Un atto d’amore per un luogo quasi scomparso, un progetto che, se andrà a buon fine, contribuirà a far scorrere nuova linfa tra le case di pietra serena, strappandole dall’oblio in cui rischiavano di cadere.

Ad occuparsi del borgo oggi sono Anna, Don Antonio e alcuni volontari a titolo gratuito. L’intento, oggi, è quello di trovare delle persone che siano disposte ad andare ad abitare quelle sei case. Così Anna ha lanciato una proposta. Chi scegliesse con convinzione di abitare Brento Sanico, spostandovi la propria residenza, potrà avere un’abitazione in comodato d’uso, quindi a titolo completamente gratuito. La sola cosa chiesta in cambio è la voglia e il desiderio di tornare a vivere come in quel paese si viveva anni fa, rispettando la sua tradizione e la sua natura di borgo.

“La nostra proposta ha avuto un successo incredibile, come se tutti all’improvviso volessero venire a vivere là.
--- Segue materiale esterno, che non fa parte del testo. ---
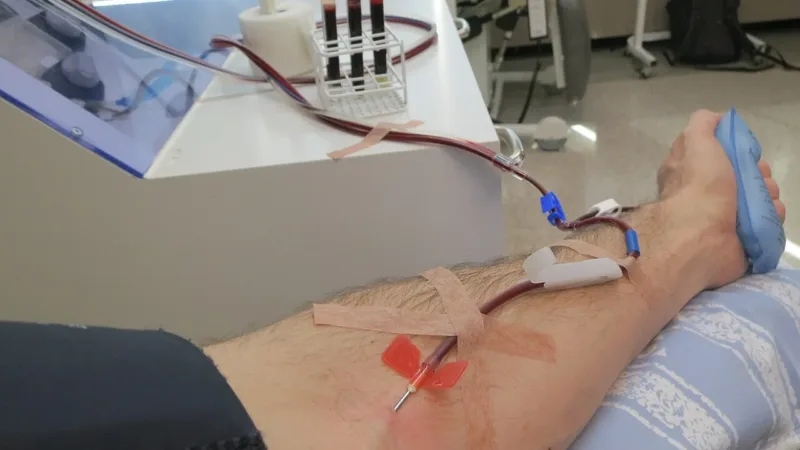 Nova lei do DF coloca doadores regulares de sangue entre prioritários nas campanhas de vacinação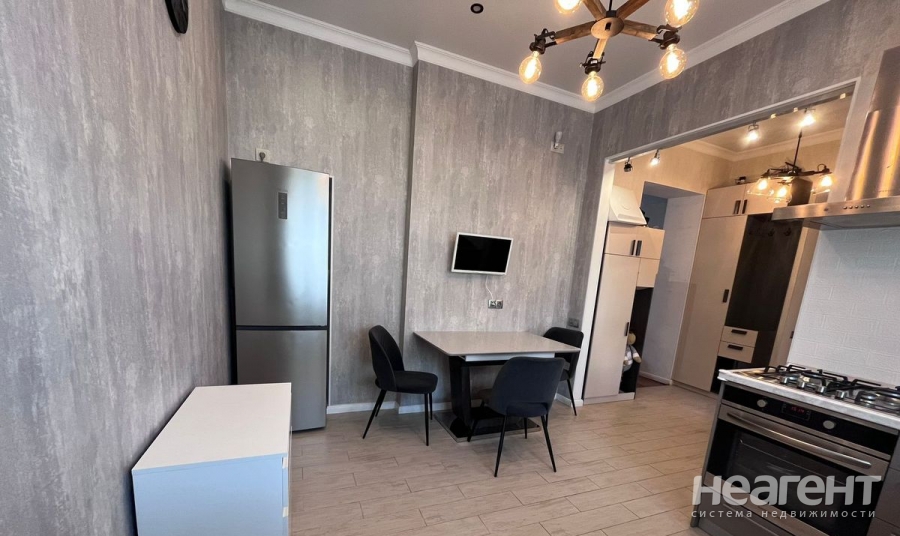 Продается 2-х комнатная квартира, 60 м²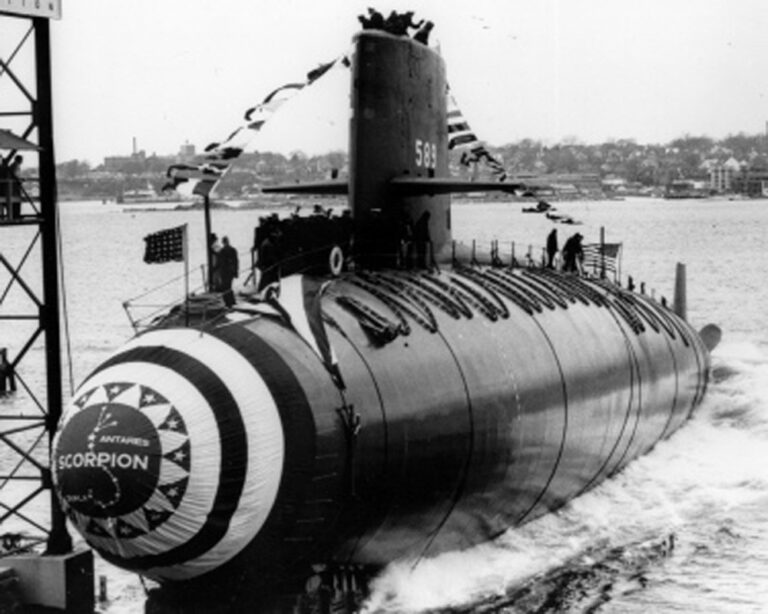 Ponorka USS Scorpion je spuštěna na vodu 19. prosince 1959 v Grotonu v Connecticutu.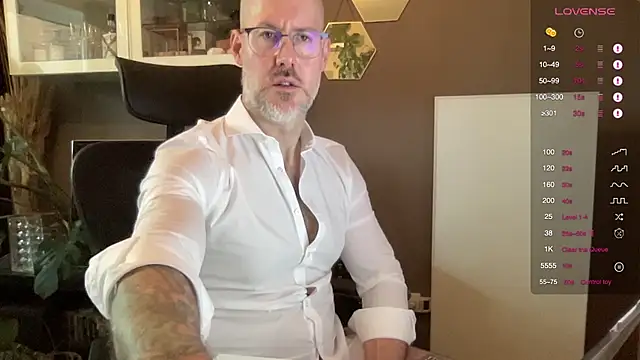 Snapshot of the_new_fit_rubinho chatting on 01.15.26 the new fit rubinho online show from 01.15.26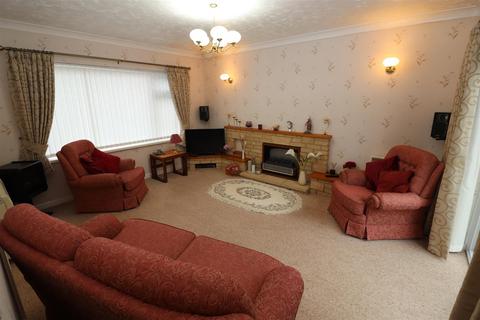 2 bedroom detached bungalow for sale, Church Hall Road, Rushden NN10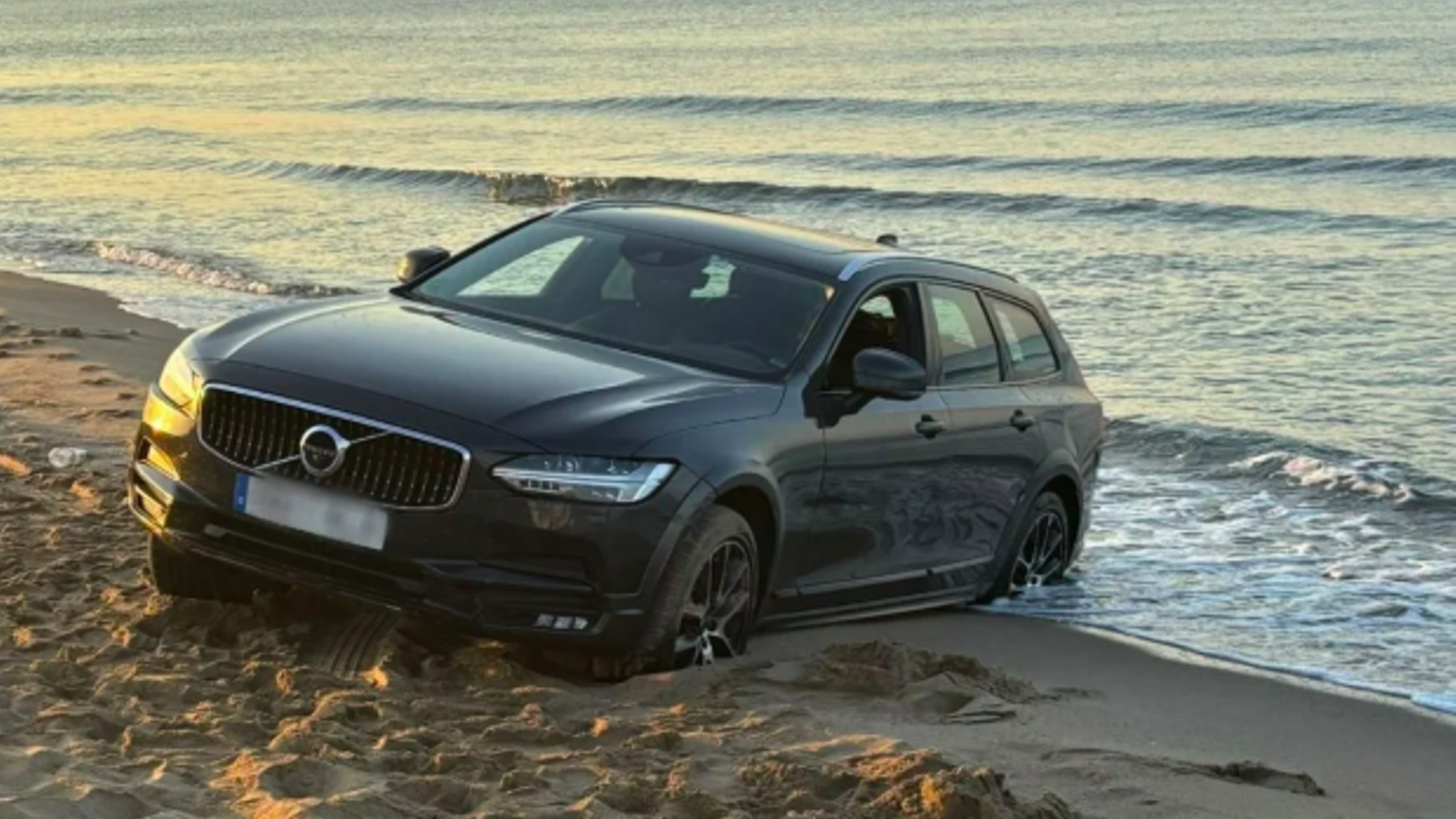Coche atrapado en una playa en Gavà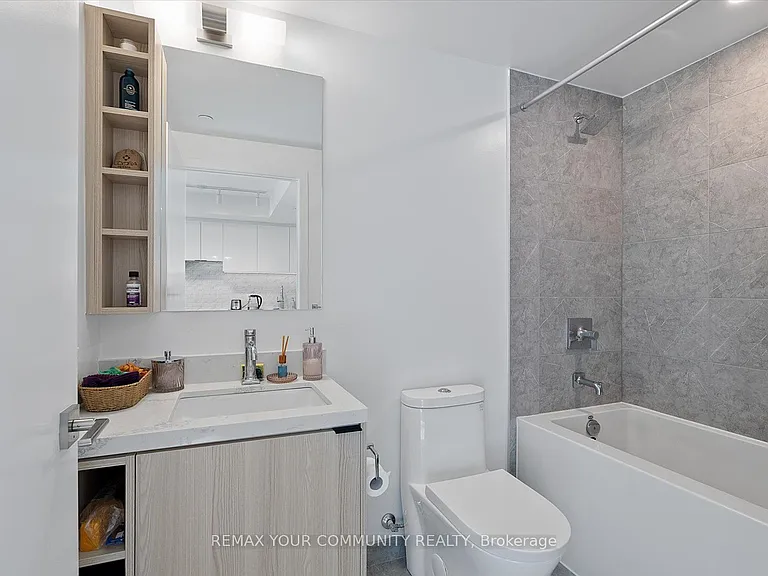 252 Church St #2817 — Photo 23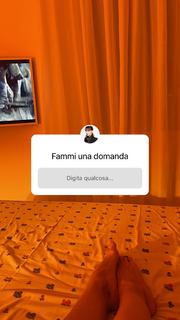 Andrea Delogu feet photo thumbnail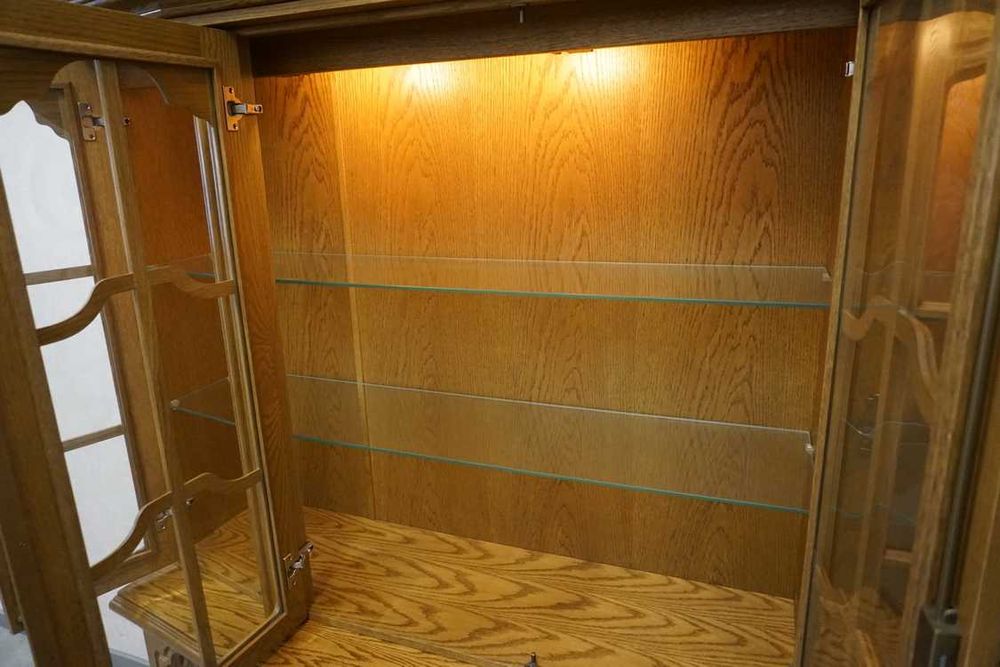 witryna z komodą dębowa szeroka podświetlana szer. 222 cm    p-994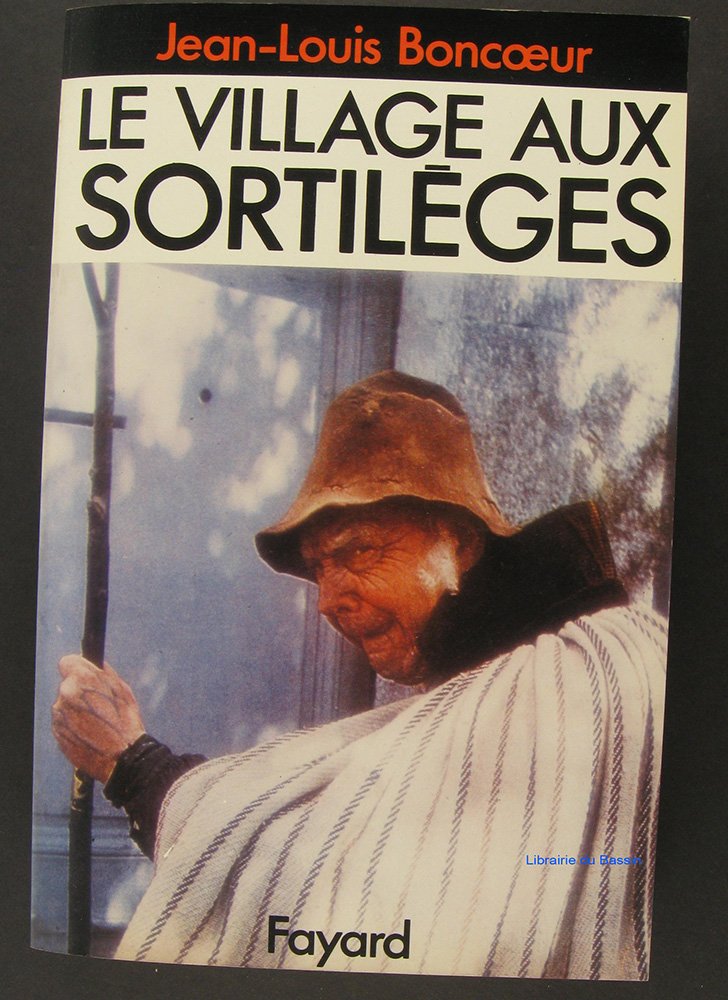 Le Village aux sortilèges 9782213008066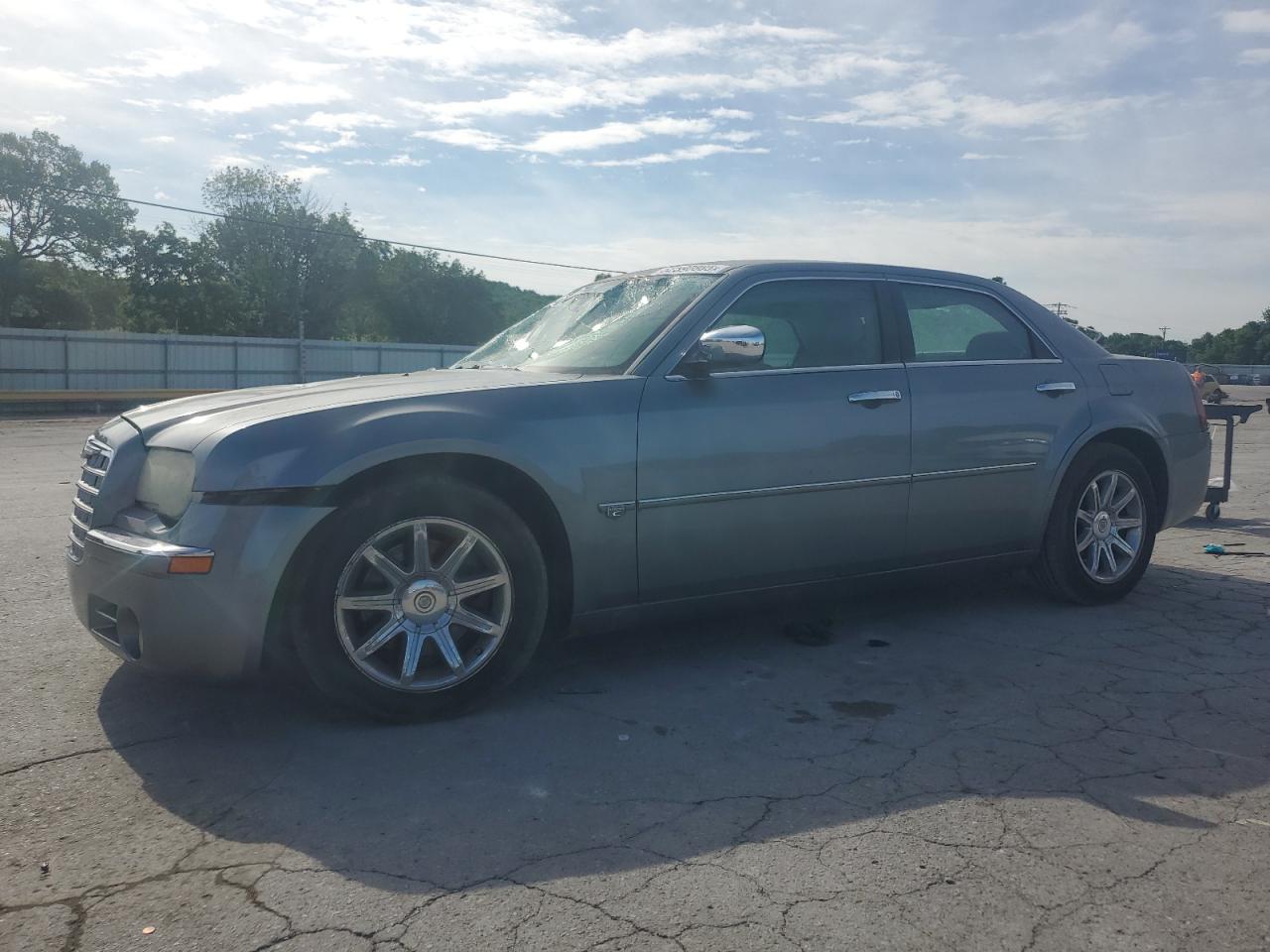 2006 Chrysler 300C იყიდება Lebanon-ში, TN - Top/Roof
Abbiamo ricevuto circa 700 richieste tra famiglie con bambini, coppie anziane, persone che desiderano cambiare il proprio stile di vita, che sono stufe di vivere in città, che non ne possono più del traffico e del caos cittadino… Per capire le reali intenzioni, il 14 giugno Don Antonio farà una riunione dedicata a quelle persone che veramente hanno intenzione di vivere a Brento Sanico.”

E qual è, secondo Anna, l’importanza di far rivivere un luogo del genere?

“È prima di tutto una questione storica. Questi luoghi portano con sé un valore che non si può lasciare perdere. La storia è una cosa importantissima, soprattutto la storia dei nostri Appennini. Siamo noi, sono le nostre radici ed è importante salvaguardare questi luoghi. Sono realtà che possono farci soltanto del bene. I nostri nonni hanno vissuto tanto tempo in questi luoghi, con tanta fatica ma anche con tanta serenità. È questa storia che vogliamo recuperare.”